Titanium alloy probes resist mild organic solvents but are not compatible with halogenated hydrocarbons, strong oxidizers (e.g., nitric acid), or fluoride-containing solutions. Use only with water-miscible buffers, alcohols, or low-concentration acetic/formic acid solutions.
Is there a documented maximum temperature rise during continuous operation?
At 100% amplitude and 100% duty cycle in 10 mL aqueous buffer, bulk temperature increase is typically ≤12°C over 2 minutes. Pulsed operation (e.g., 50% duty cycle) reduces net heating by >60%, enabling nucleic acid–preserving protocols.
Does the HUP-100 comply with electromagnetic compatibility (EMC) standards for laboratory environments?
The unit meets EN 61326-1:2013 Class A requirements for electromagnetic emissions and immunity in industrial and laboratory settings.

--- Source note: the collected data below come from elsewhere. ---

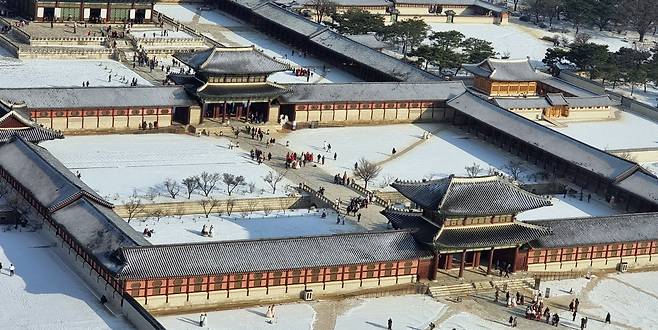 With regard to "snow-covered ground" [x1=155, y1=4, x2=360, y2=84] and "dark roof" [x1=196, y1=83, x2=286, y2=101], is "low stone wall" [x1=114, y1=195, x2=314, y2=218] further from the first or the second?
"snow-covered ground" [x1=155, y1=4, x2=360, y2=84]

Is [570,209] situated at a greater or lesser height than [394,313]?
lesser

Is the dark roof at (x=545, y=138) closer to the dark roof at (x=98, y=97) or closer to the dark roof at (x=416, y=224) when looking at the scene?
the dark roof at (x=416, y=224)

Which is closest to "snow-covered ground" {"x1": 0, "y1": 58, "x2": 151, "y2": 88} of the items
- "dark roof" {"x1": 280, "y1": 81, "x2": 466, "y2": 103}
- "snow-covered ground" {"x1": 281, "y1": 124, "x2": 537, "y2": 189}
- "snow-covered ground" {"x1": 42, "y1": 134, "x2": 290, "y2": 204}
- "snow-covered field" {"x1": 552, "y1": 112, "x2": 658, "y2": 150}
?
"dark roof" {"x1": 280, "y1": 81, "x2": 466, "y2": 103}

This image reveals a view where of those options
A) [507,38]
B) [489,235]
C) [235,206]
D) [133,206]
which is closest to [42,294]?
[133,206]

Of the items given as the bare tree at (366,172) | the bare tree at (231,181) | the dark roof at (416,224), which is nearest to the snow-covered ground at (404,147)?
the bare tree at (366,172)

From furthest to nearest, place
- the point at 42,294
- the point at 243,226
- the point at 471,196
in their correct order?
1. the point at 243,226
2. the point at 471,196
3. the point at 42,294

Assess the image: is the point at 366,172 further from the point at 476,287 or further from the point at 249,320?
the point at 249,320

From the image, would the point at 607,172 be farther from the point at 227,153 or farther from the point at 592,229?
the point at 227,153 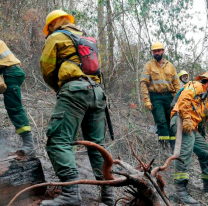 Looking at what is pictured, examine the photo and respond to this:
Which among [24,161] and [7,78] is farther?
[7,78]

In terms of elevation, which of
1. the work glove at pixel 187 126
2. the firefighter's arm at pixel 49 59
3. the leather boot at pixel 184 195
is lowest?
the leather boot at pixel 184 195

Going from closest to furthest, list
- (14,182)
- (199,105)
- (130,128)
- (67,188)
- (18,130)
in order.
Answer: (67,188) < (14,182) < (18,130) < (199,105) < (130,128)

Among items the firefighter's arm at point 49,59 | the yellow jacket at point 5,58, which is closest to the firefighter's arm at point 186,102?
the firefighter's arm at point 49,59

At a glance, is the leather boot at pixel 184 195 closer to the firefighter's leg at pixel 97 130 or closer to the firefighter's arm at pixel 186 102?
the firefighter's arm at pixel 186 102

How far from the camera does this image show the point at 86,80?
291cm

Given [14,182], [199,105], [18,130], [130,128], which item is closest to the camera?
[14,182]

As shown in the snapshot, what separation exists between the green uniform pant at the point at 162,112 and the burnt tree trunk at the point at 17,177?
3246mm

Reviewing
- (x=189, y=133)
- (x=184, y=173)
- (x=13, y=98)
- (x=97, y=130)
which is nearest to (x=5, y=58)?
(x=13, y=98)

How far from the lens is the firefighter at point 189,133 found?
3.96 meters

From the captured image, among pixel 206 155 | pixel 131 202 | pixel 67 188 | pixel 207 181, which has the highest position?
pixel 131 202

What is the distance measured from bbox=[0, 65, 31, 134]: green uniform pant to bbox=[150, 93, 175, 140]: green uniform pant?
9.46 ft

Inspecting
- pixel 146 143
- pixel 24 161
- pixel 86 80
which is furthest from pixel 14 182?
pixel 146 143

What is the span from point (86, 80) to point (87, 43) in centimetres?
39

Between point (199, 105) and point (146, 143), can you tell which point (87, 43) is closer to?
point (199, 105) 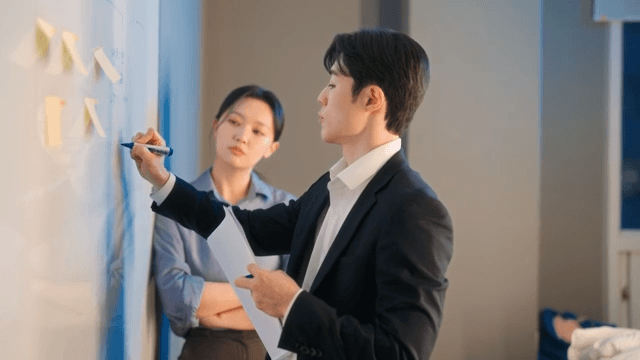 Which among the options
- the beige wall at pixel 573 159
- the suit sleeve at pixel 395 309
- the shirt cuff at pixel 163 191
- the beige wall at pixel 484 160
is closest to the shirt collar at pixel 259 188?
the shirt cuff at pixel 163 191

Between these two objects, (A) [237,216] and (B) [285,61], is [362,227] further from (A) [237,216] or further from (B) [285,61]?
(B) [285,61]

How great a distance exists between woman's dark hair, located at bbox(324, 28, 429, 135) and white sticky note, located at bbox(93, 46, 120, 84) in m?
0.43

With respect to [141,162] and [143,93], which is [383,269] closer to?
[141,162]

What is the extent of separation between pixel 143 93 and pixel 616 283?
3150mm

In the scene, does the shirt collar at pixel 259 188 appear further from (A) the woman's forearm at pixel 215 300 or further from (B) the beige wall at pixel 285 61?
(B) the beige wall at pixel 285 61

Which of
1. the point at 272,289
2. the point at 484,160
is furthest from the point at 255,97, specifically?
the point at 484,160

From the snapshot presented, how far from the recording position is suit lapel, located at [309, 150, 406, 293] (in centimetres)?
124

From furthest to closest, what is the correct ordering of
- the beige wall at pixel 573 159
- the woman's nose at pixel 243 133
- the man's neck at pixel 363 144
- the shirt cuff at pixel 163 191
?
the beige wall at pixel 573 159 → the woman's nose at pixel 243 133 → the shirt cuff at pixel 163 191 → the man's neck at pixel 363 144

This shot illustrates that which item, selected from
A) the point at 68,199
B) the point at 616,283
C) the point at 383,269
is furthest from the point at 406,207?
the point at 616,283

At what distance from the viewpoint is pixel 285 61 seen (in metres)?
3.64

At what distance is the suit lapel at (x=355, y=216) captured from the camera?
1235mm

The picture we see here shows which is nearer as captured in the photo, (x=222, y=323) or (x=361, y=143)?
(x=361, y=143)

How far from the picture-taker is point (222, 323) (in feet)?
6.32

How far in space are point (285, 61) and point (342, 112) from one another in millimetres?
2385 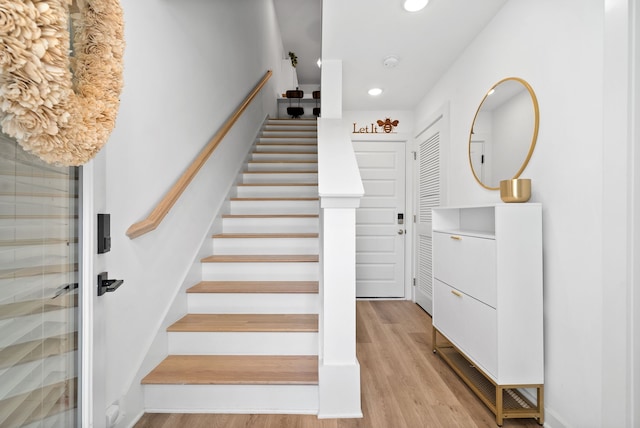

It is not intended for use in clinical diagnostic or life-support environments.
How does probe geometry affect cavitation intensity and sample processing efficiency?
Smaller-diameter probes (3.2 mm) generate higher tip velocity and localized energy density—ideal for small-volume, high-viscosity samples. Larger probes (6.4 mm) provide broader energy distribution suited for volumes >10 mL and lower-viscosity suspensions, reducing localized overheating and foaming.